Sisi yönetimi, iktidarını sadece göstermelik seçimlerle değil, aynı zamanda baskı ve zorbalıkla pekiştirdi. Yüzlerce siyasi muhalif, hukuk dışı davalarla idam cezasına çarptırıldı; çoğunun infazı gerçekleştirildi. Cezaevlerinde sistematik işkenceler, kayıplar, yargısız infazlar, basına yönelik sansür ve insan hakları ihlalleri artarak devam etti. Bu süreçte hayatını kaybedenlerden biri de bizzat halk tarafından seçilmiş cumhurbaşkanı Muhammed Mursi oldu. Cuntanın yargı mekanizmasını tanımadığını yüksek sesle haykıran Mursi, hakim karşısında ifadeye çıkarıldığı sırada fenalaşarak hayatını kaybetti.
Uluslararası güçlerin bu darbeye sessiz kalmaları ya da dolaylı destek vermeleri ise demokrasi ve insan hakları söylemlerinin ne kadar ikiyüzlü ve çıkar odaklı olduğunu bir kez daha kanıtladı. Batılı ülkeler, demokrasiye aykırı bu girişime karşı durmak bir yana, Sisi yönetimiyle siyasi ve ekonomik ilişkilerini derinleştirdi. Çünkü Sisi rejimi, bölgesel politikalarıyla başta siyonist işgal rejiminin güvenliği olmak üzere birçok emperyalist çıkarın koruyucusu olarak görüldü. Son dönemde Refah Sınır Kapısı’nı zorlamak ve Gazze’ye uygulanan insanlık dışı ablukayı kırmak amacıyla 32 farklı ülkeden Mısır’a toplanan aktivistlere yönelik muameleler de Sisi’nin aslında siyonist işgale yönelebilecek tehditler karşısında onu himaye etme ve kapı bekçiliği yapma karşılığında Batı emperyalizminin desteğini elde ettiğini gözler önüne serdi. Gazze’nin kapılarının açılması için insanî görevlerini yerine getirmek amacıyla Mısır’da buluşan gönüllüler Sisi’nin eşkıyaları tarafından yerlerde sürüklenerek gözaltına alındı.

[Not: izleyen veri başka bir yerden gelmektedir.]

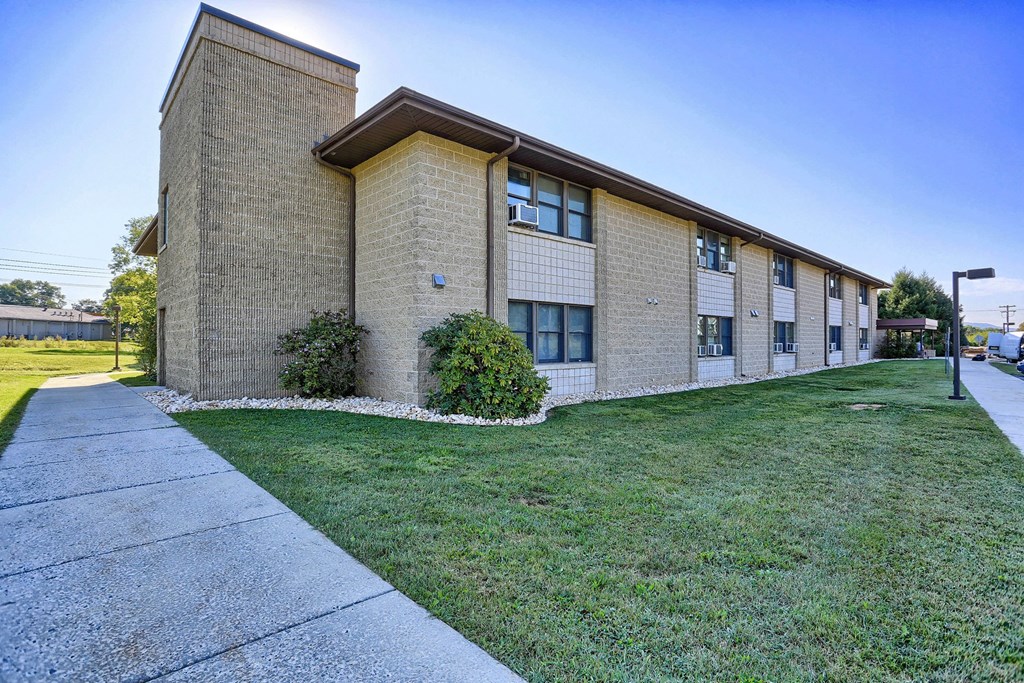 a brick building with green grass and a sidewalk
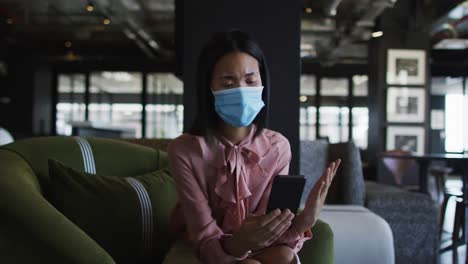 Asiatische-Frau-Mit-Gesichtsmaske-Führt-Einen-Video-Chat-Auf-Dem-Smartphone-Im-Modernen-Büro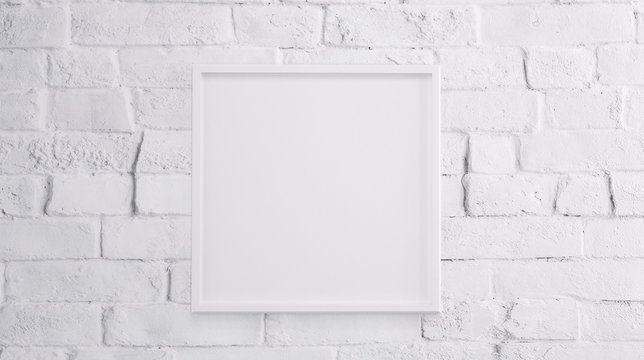 White blank frame over white brick wall 3d rendering illustration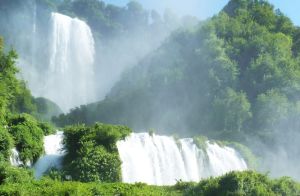 Una cascata immersa nella vegetazione, con spruzzi d'acqua che brillano alla luce.
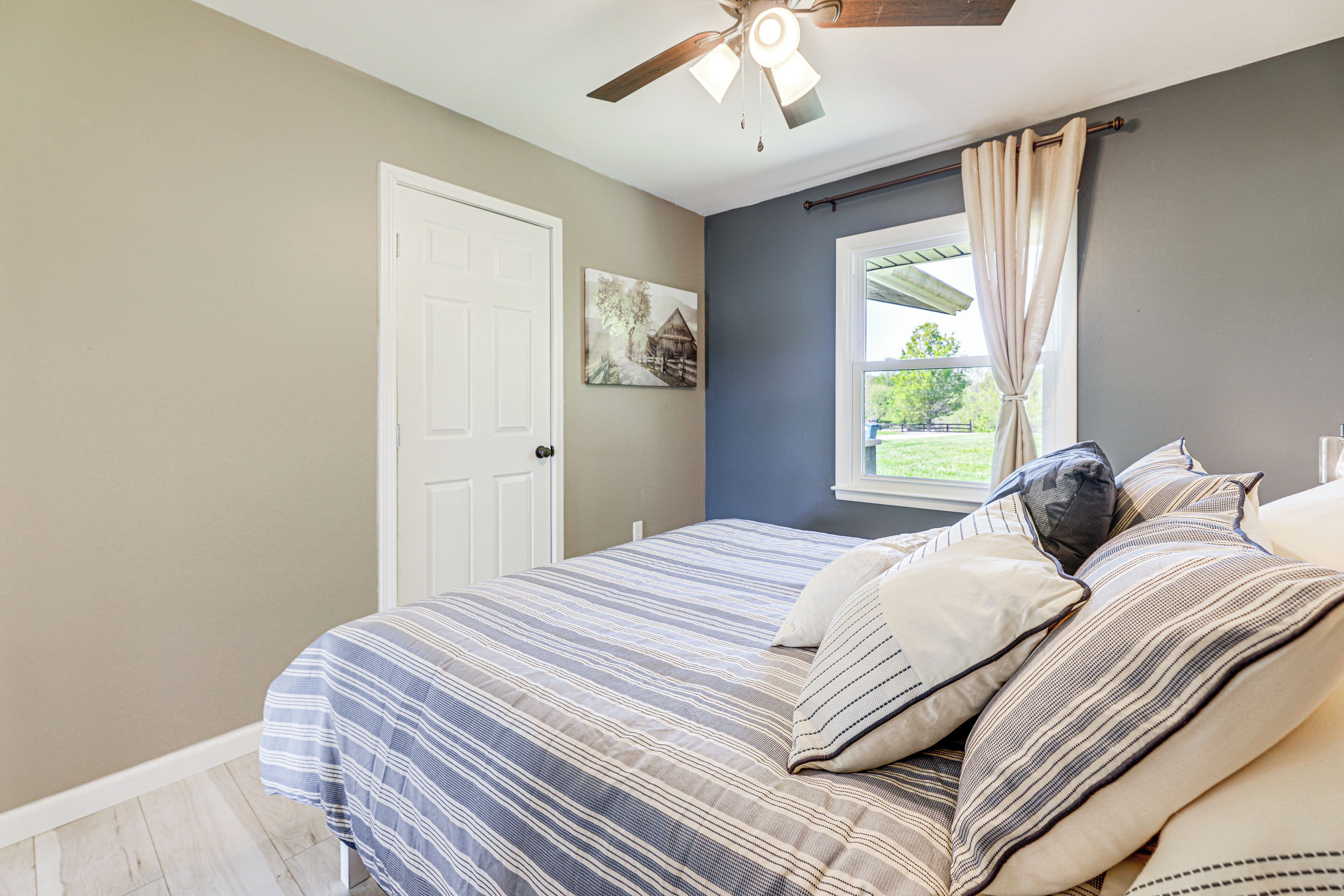 Um quarto com cama, ventilador de teto, janela com cortinas e porta.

Mısır’da darbenin arkasında sadece yerel aktörler değil, aynı zamanda Körfez’deki dikta rejimleri de yer aldı. Suudi Arabistan ve Birleşik Arap Emirlikleri, cunta rejimine büyük mali destek sağladı. Sadece Mısır’da değil, tüm Arap coğrafyasında halk hareketlerine karşı bir hat inşa etti. Mısır’da bu süreçte çıkarılan kargaşaya “Baltacı fitnesi” adı verildi ve halkın seçtiği yönetimin zayıflatılması, ardından devrilmesi bu senaryonun bir parçasıydı.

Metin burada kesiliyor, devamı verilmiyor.